OWLSAM
- class grid.model.perception.segmentation.owlsam.OWLSAM(*args, **kwargs)
OWLSAM model for object segmentation. Combined model from Segment-Anything and OwlV2.
This class implements a wrapper for the OWLSAM model, which detects and segments objects in RGB images based on text prompts.
- Credits:
https://github.com/facebookresearch/segment-anything and https://huggingface.co/google/owlv2-base-patch16-ensemble
- License:
This code is licensed under the Apache 2.0 License.

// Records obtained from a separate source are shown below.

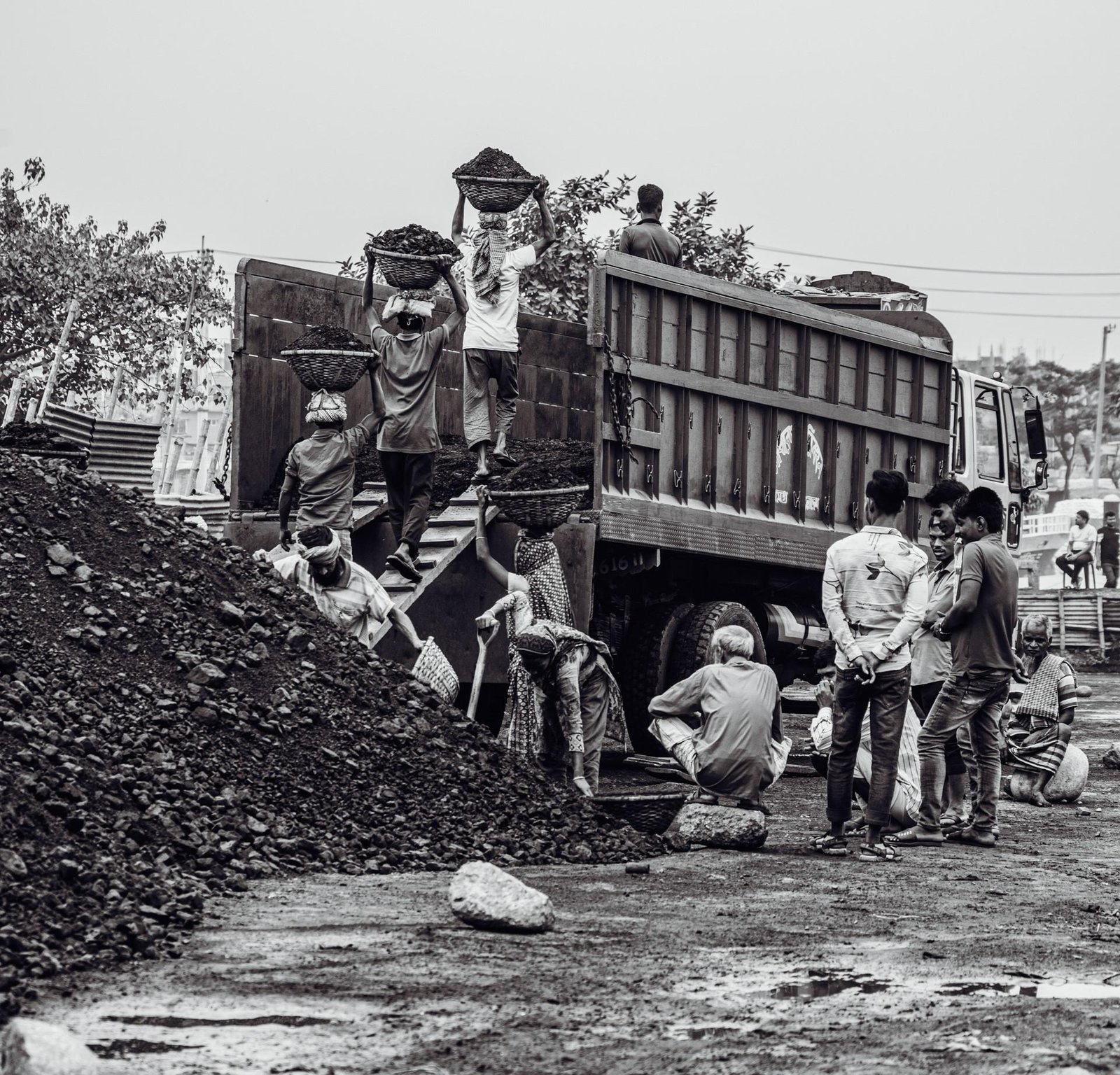 European Photography Awards Winner - People in Monochrome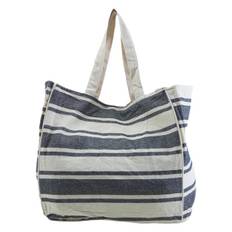 Lina Large Canvas Shopper Sww, Female, Udstyr, tasker og rygsække, Flerfarvet, ONESIZE - ONESIZE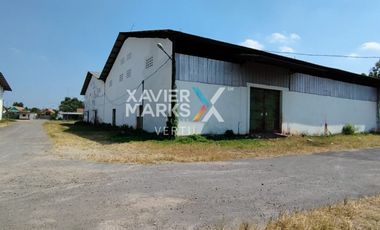 Dijual gudang di Kabuh Jombang Tanah Sangat Luas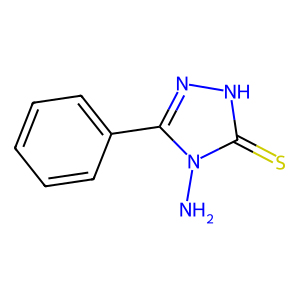 CAS: 22706-11-2 | OR1027605 | 4-Amino-5-Phenyl-4H-1,2,4-Triazole-3-Thiol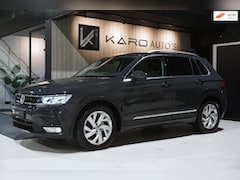 Volkswagen Tiguan - 1.4 TSI ACT Led Carplay Camer Clima Stoelv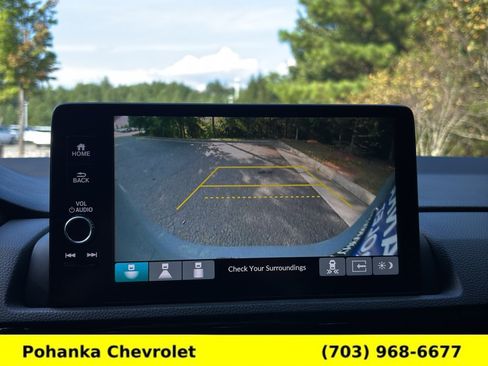 Used 2024 Honda CR-V EX-L image 18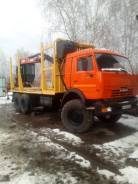КамАЗ 43118 Сайгак. Продам камаз лесовоз, 3 000 куб. см., 10 000 кг., 6x6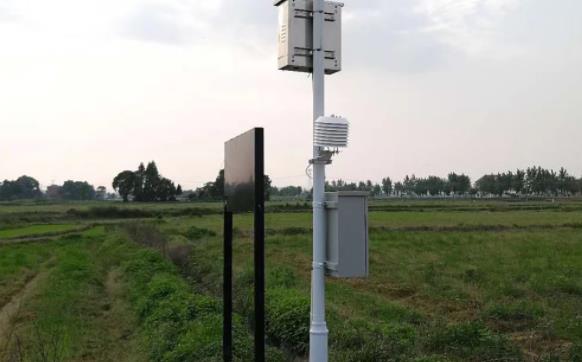 无线智能农业气象站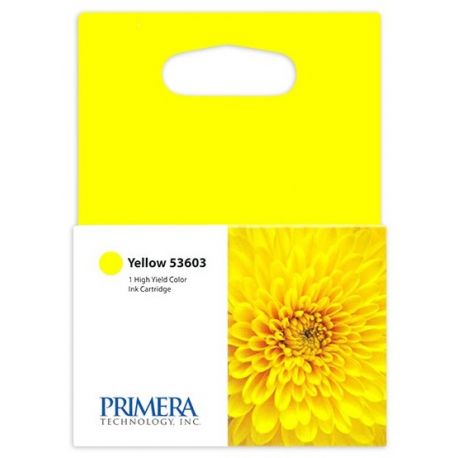 Cartouche Jaune Primera pour DP 4100 ... / Disc Publisher DP-4101 ...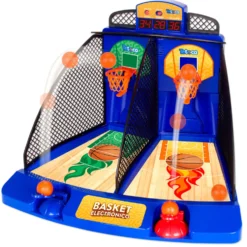 Tetoca Basket Electrónico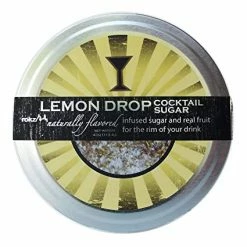 My Bottle Butler TRUE BRAND LEMON DROP COCKTAIL SUGAR MIXERS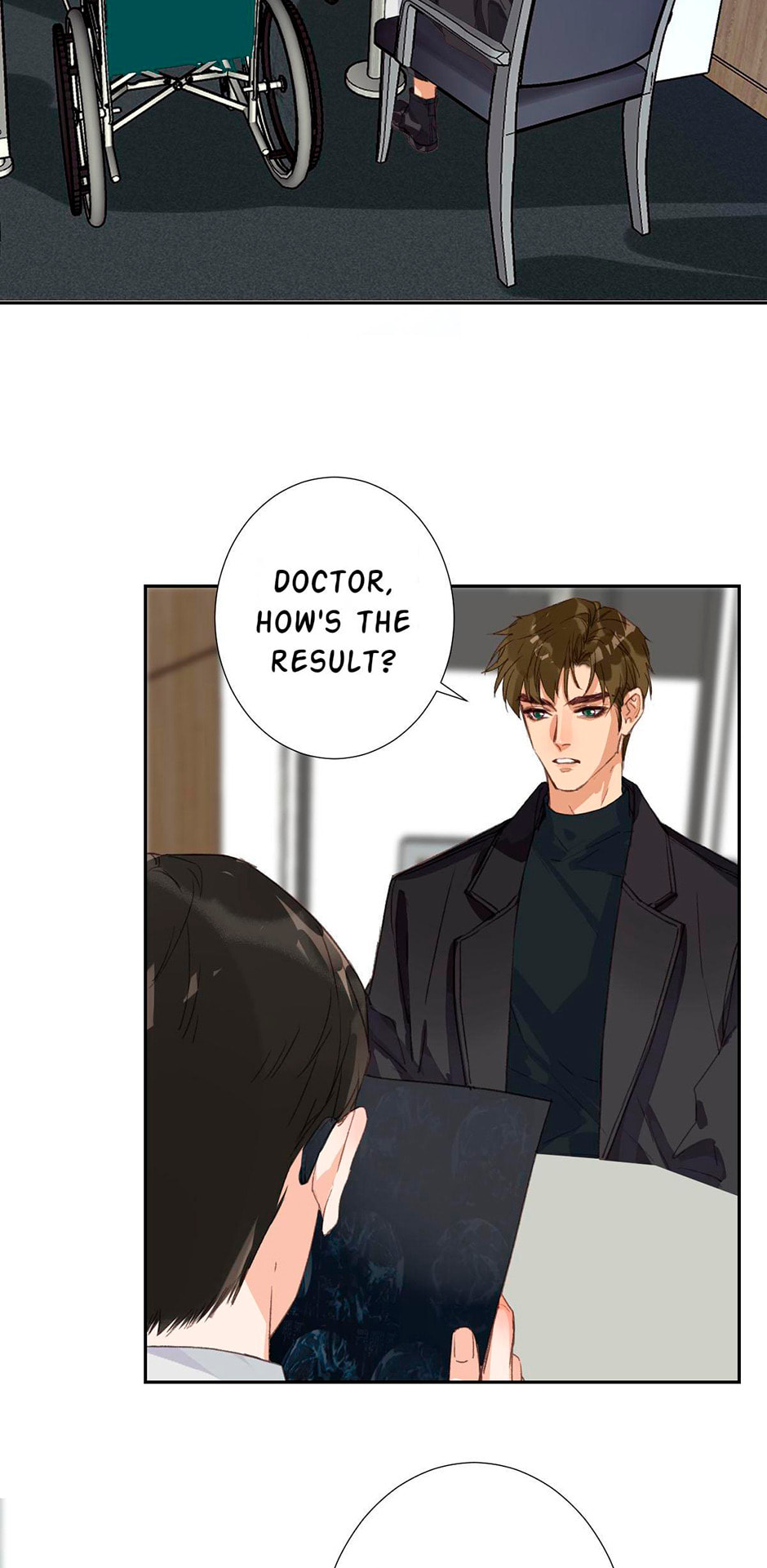 Read Defective Lovers chapter 32 image 8 on Lezhin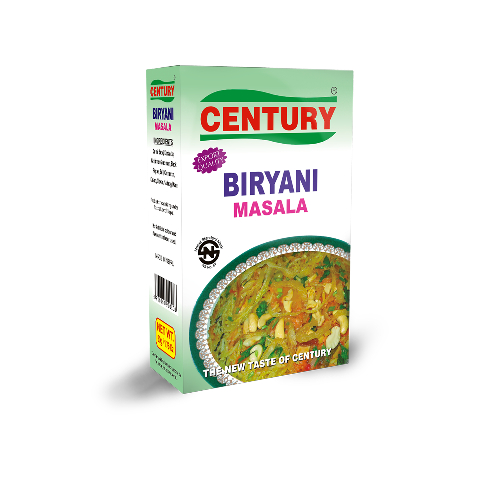 Century Biryani Masala (50gm) - 1pcs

- __init__(box_threshold=0.25, text_threshold=0.25, nms_threshold=0.8)
Initialize OWLSAM model.
- Parameters:
box_threshold (float, optional) -- The threshold value for bounding box prediction. Defaults to 0.25.
text_threshold (float, optional) -- The threshold value for text prediction. Defaults to 0.25.

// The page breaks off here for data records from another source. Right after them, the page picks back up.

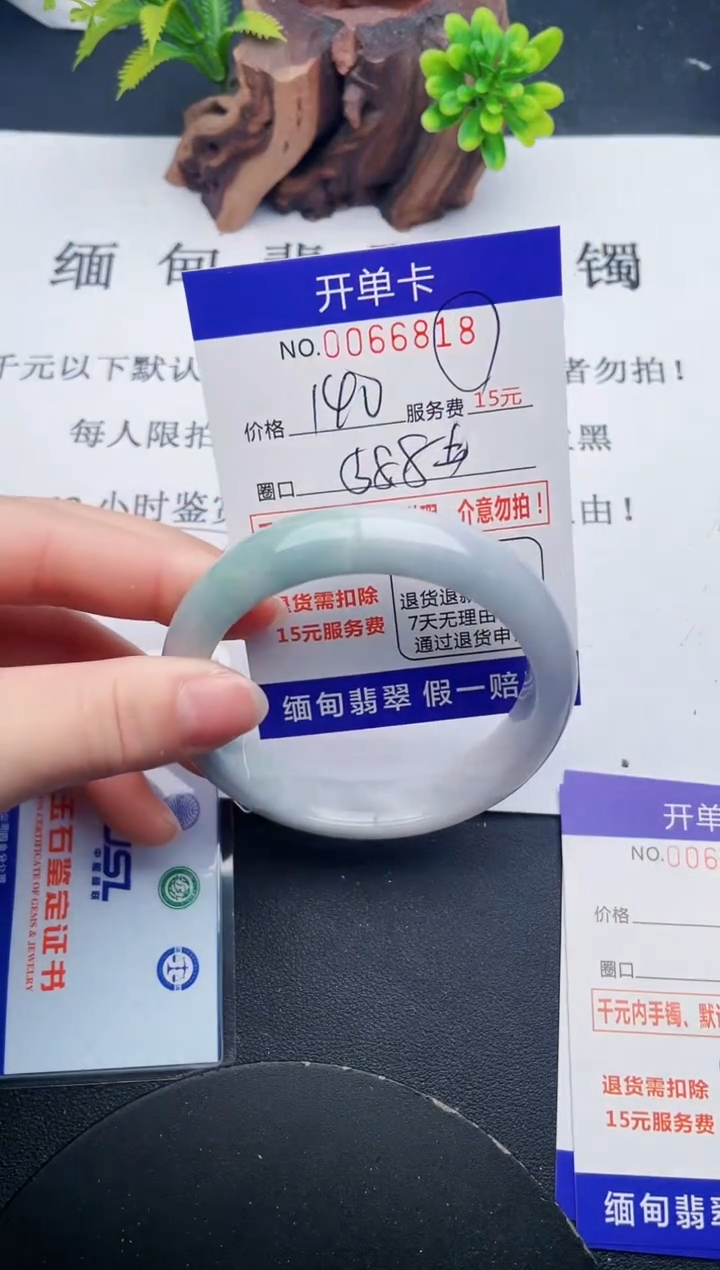 【闪购商品】18丽致优雅手镯时尚百搭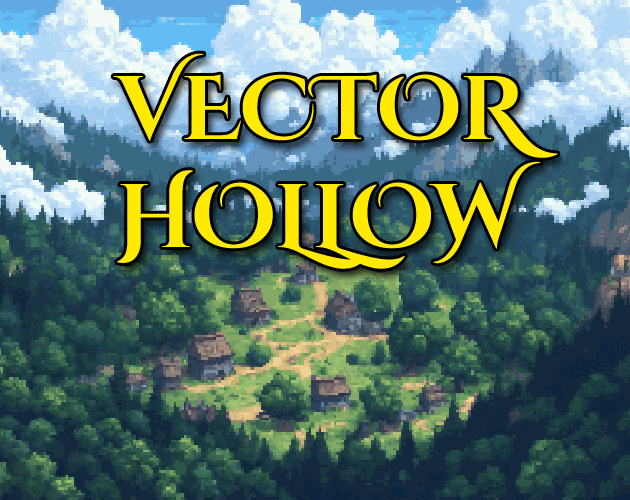 Cover image for Vector Hollow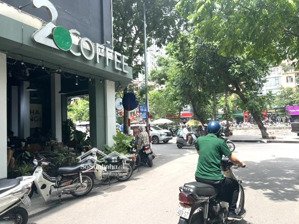 bán nhà mặt phố yên lạc 55m 7 tầng mt 4.8m - 28 tỏi lô góc 2 mặt thoáng thang máy xịn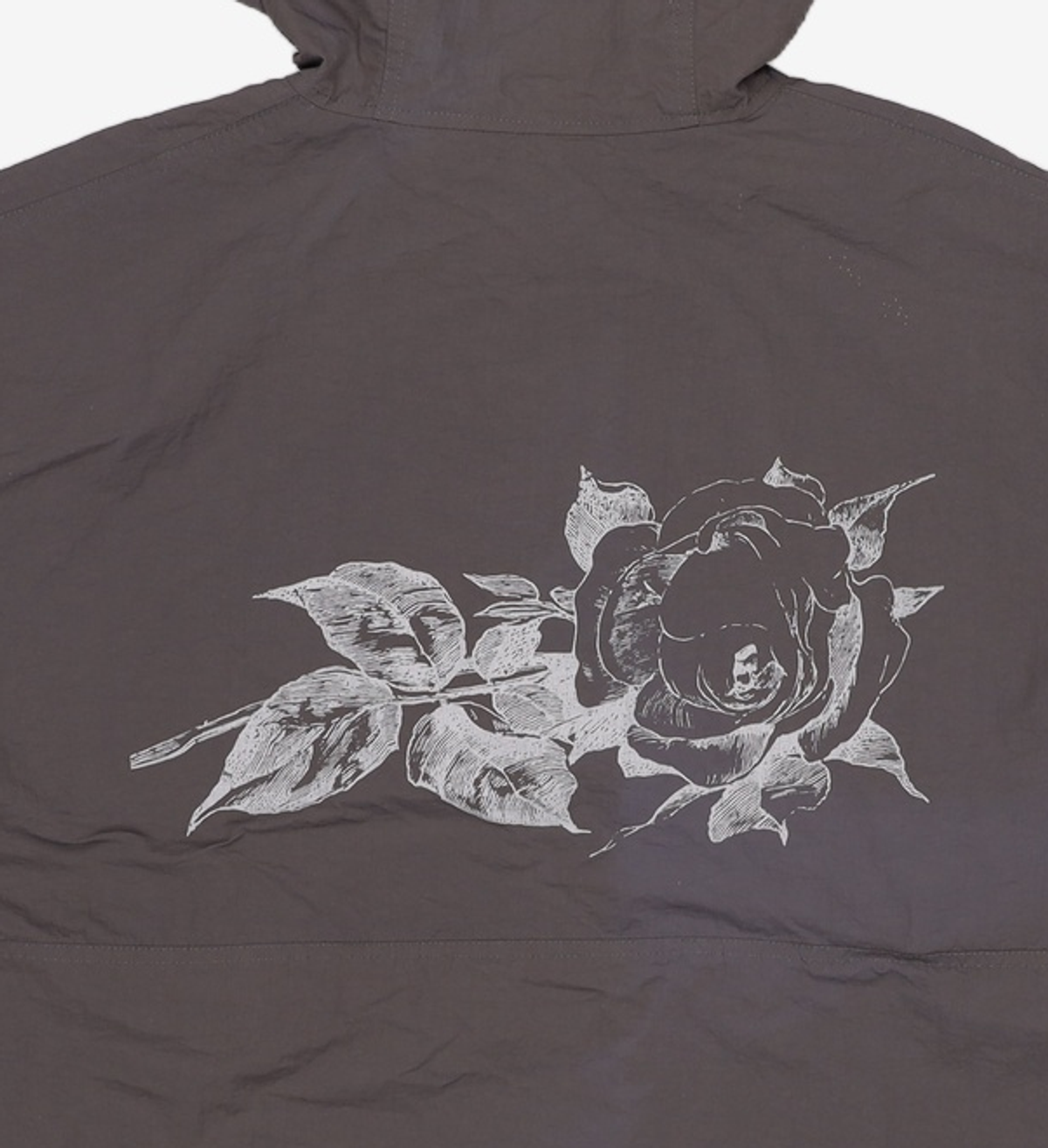 브라운브레스(BROWNBREATH) DO NOT LOSE ANORAK L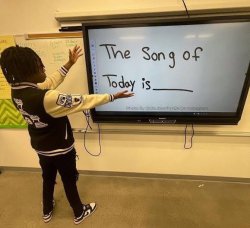 The song of today is Meme Template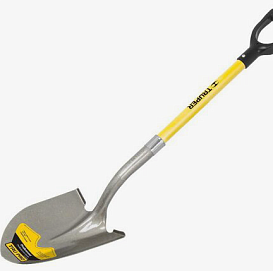 Лопата штыковая ТРУПЕР 102 см  17150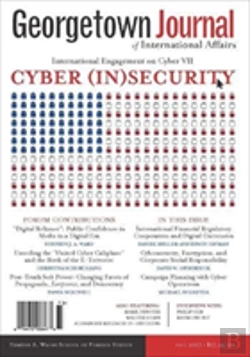 Bertrand.pt - Georgetown Journal Of International Affairs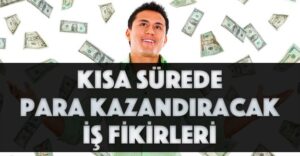 para kazandıran fikirler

nms_threshold (float, optional) -- The threshold value for non-maximum suppression. Defaults to 0.8.
- Return type:
None
- segment_object(rgbimage, text_prompt)
Detect and segment objects from the RGB image where the target objects are specified by text_prompt.
- Parameters:
rgbimage (np.ndarray) -- Target RGB image represented as a numpy array of shape (H, W, 3).
text_prompt (str) -- Text prompt specifying the objects to be detected and segmented.
- Returns:
List of object masks (np.ndarray of shape (H, W, 1)): object pixels are 1, others 0. The list is empty if no object is detected.
- Return type:
List[np.ndarray]
Example
>>> from grid.model.perception.segmentation.owlsam import OWLSAM >>> owlsam = OWLSAM() >>> res = owlsam.segment_object(img, "turbine") >>> if len(res) > 0: >>> mask = res[0] >>> # mask of shape (H, W, 1)